Input:
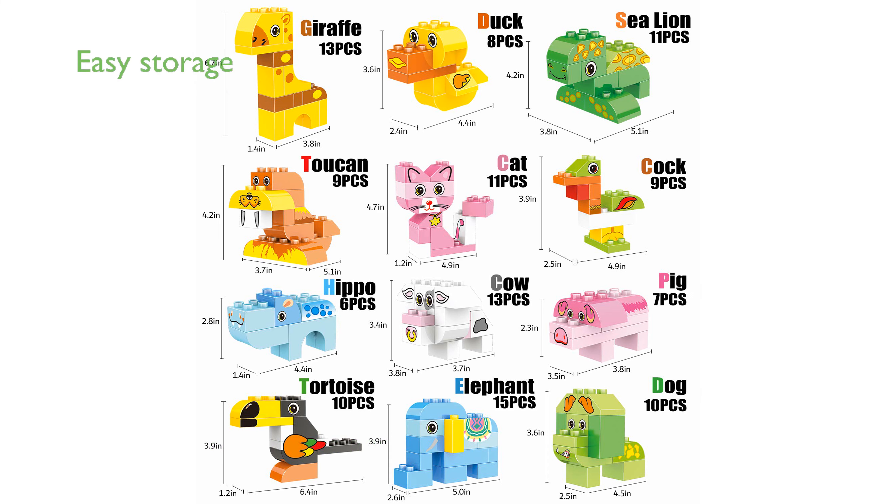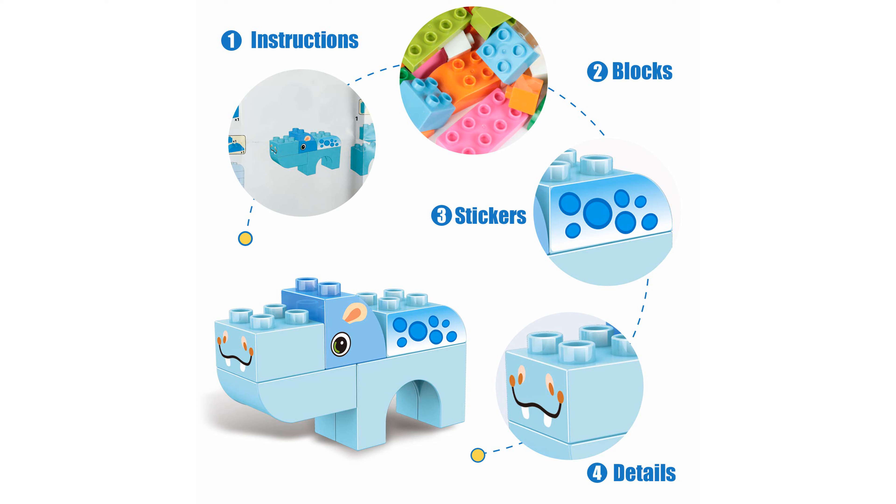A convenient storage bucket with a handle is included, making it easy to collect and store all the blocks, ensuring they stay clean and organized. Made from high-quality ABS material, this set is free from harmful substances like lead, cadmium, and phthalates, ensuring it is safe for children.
* * *
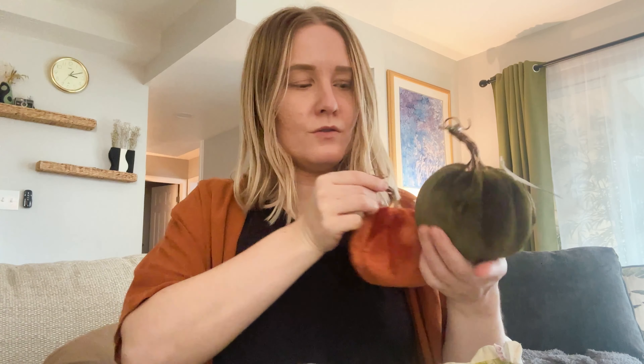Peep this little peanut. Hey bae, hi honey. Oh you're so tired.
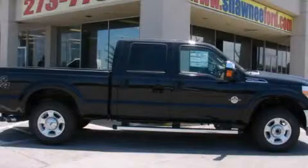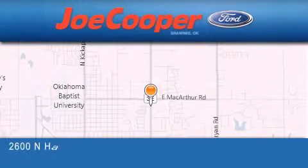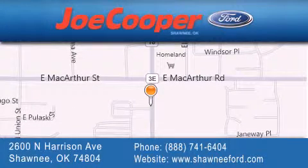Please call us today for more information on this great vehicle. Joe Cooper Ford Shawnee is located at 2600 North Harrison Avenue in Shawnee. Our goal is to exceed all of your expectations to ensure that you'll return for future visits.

What is required: Your task is to copy only the lines above starting at the one containing "Peep this little" and ending at the one containing "Please call us". Copy them exactly, both ends included, and omit the pictures.

Problem solution:
Peep this little peanut. Hey bae, hi honey. Oh you're so tired.
Please call us today for more information on this great vehicle. Joe Cooper Ford Shawnee is located at 2600 North Harrison Avenue in Shawnee. Our goal is to exceed all of your expectations to ensure that you'll return for future visits.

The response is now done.